Now that you’ve sent metrics to Lightstep Observability and instrumented your app, you can use Change Intelligence to investigate what caused any deviations in those metrics. Change Intelligence determines the service that emitted a metric, searches for performance changes on Key Operations from that service at the same time as the deviation, and then uses trace data to determine what caused the change.

By default, Change Intelligence looks for the attribute (tag/label) in your metric data to determine the sending service. If your AWS metric data uses a different attribute, you need to register them.

  1. In a dashboard or chart, click Analyze deviation.

    Start metric investigation

    Change Intelligence works best when it can focus on a single service and its dependencies. If your dashboard or chart includes metrics coming from many services, use filters to choose one service to focus on. For a dashboard, use the global filter. For a chart, edit your query to filter the data to include one service. You need to save your chart before you can start Change Intelligence.

  2. In the side panel, drag the blue window to the deviation in the chart and click Analyze deviation. Select deviation window

    The side panel shows the baseline (purple) and deviation (blue) time windows that Change Intelligence uses to compare performance. You can change this by selecting a different time period or changing the baseline and deviation time windows. Time windows show baseline and deviation

    You can click View full Change Intelligence to open and work with Change Intelligence in the expanded view.

  3. Expand the Key Operation with the highest magnitude of change (the first one in the list).

    Based on the time windows for the baseline and deviation, Change Intelligence analyzes Key Operations on the service that emitted the metric. It displays the operations that experienced a change in performance and lists them on the page, sorted by highest degree of change first (operations without any changes aren’t displayed). SLIs for Key Operations

    Lightstep lists the attributes that appeared in most traces with the performance change (correlated attributes). Each attribute row displays a map icon showing the relationship of the service containg the attribute to the service you queried. Hover over the icon to see a larger view of the map.Most likely cause of a metric change

    More about correlated attributes

    Change Intelligence is able to correlate attributes with performance change by finding attributes on operations up and down the request path that appear frequently on traces from the deviation time period (for metrics, it determines the request path by first finding performance changes in key operations on the service during the deviation, and then analyzing span data from those operations). If an attribute appears on a number of traces that have performance issues during the deviation (and doesn’t on traces that are stable), it’s likely that something about that attribute is causing the issue.

    Expandable end

  4. Expand the first attribute row.

    Change Intelligence shows SLI charts that compare the baseline to the deviation for the p99 latency, operation rate and error rate percentage. SLIs for correlated attribute

    By default, the time series only display for spans that contain the attribute. Use the Show comparison toggle to compare that with spans that don’t contain the attribute. When you add those spans, you can also choose to group the data by the attribute name.

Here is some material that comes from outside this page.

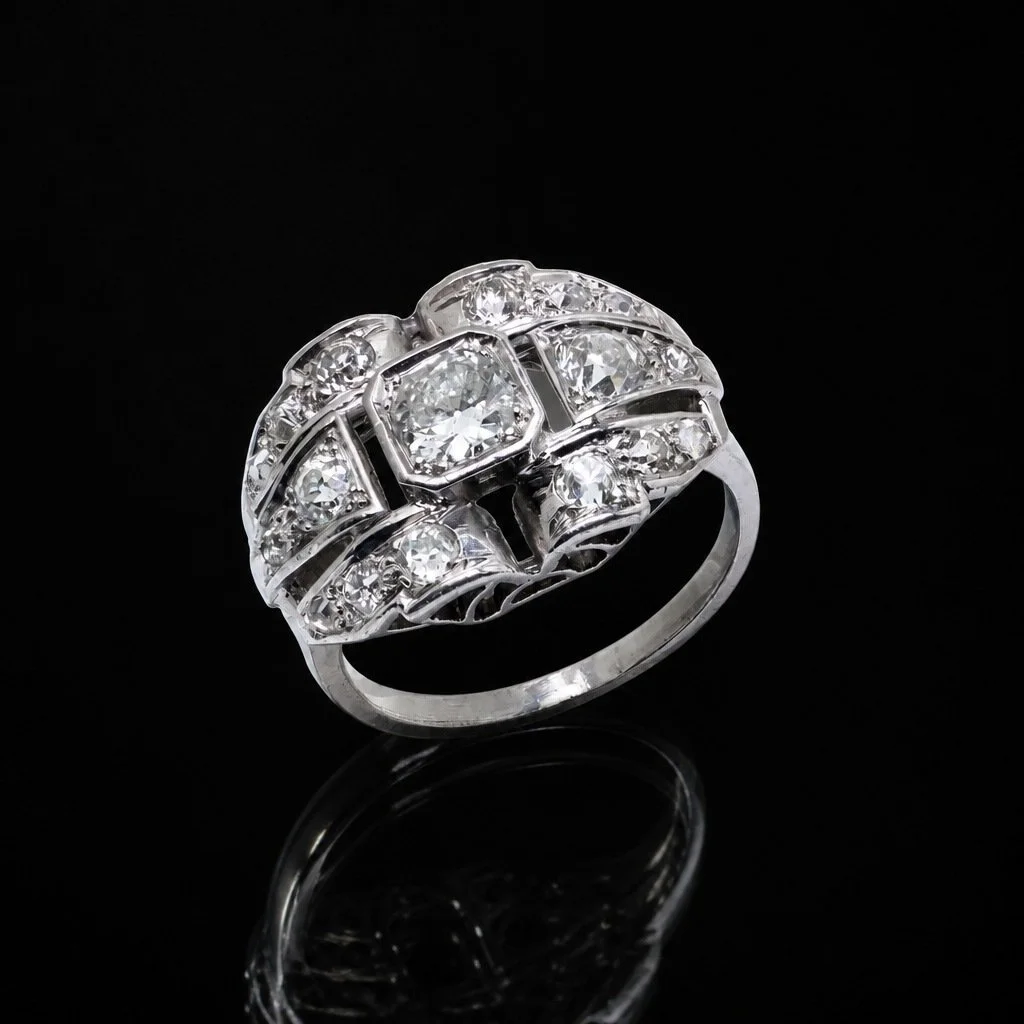 Art Deco Platinum Old European Cut Diamond Ring, Circa 1920s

    Turn off Show span samples to get a better view of the groupings.

    Compare and group other spans

    Looking at the previous image, you can see that traces that did not have the customer:ProWool attribute didn’t experience the same degradation in latency or operation rate.

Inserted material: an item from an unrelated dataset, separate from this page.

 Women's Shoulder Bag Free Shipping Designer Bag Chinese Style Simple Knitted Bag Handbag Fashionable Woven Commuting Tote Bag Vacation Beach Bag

    Because traces for requests from ProWool are experiencing more latency and a higher rate, it is likely that traces with this attribute can pinpoint the problem.

  5. Click on a span sample dot to view a trace.

    Clicking a span opens it in the Trace view where you can see the critical path through the request and view details about each span in the trace.

    More about Trace view

    You use the Trace view to see a full trace from beginning to end of a request. The Trace view shows you a flame graph of the full trace (each service a different color), and below that, each span is shown in a hierarchy, allowing you to see the parent-child relationship of all the spans in the trace. Errors are shown in red.

    Clicking a span shows details in the right panel, based on the span’s metadata. Whenever you view a trace in Lightstep Observability, it’s persisted for the length of your Data Retention policy so it can be bookmarked, shared, and reviewed by your team at any time. The selected span is part of the URL, so it will remain selected when the URL is visited.

    Learn more about Trace view.

    Expandable end

    Trace view

    In this example, it looks like ProWool sent over 1,000 requests and the write to the database is overwhelmed. That’s likely why the CPU metric spiked!

What did we learn?

  • You can use Change Intelligence directly from a dashboard or an open chart.
  • Based on the time windows for the baseline and deviation, Change Intelligence analyzes Key Operations on the service that emitted the metric, and uses traces from those operations to find corresponding performance changes.
  • When Change Intelligence finds those performance changes, it analyses traces that include that operation, finding attributes that appear on traces with the performance issues (and doesn’t appear often on traces that are stable). It surfaces the one that’s most likely pointing to the issue.
  • You can view those traces directly from Change Intelligence to pinpoint and verify the problem.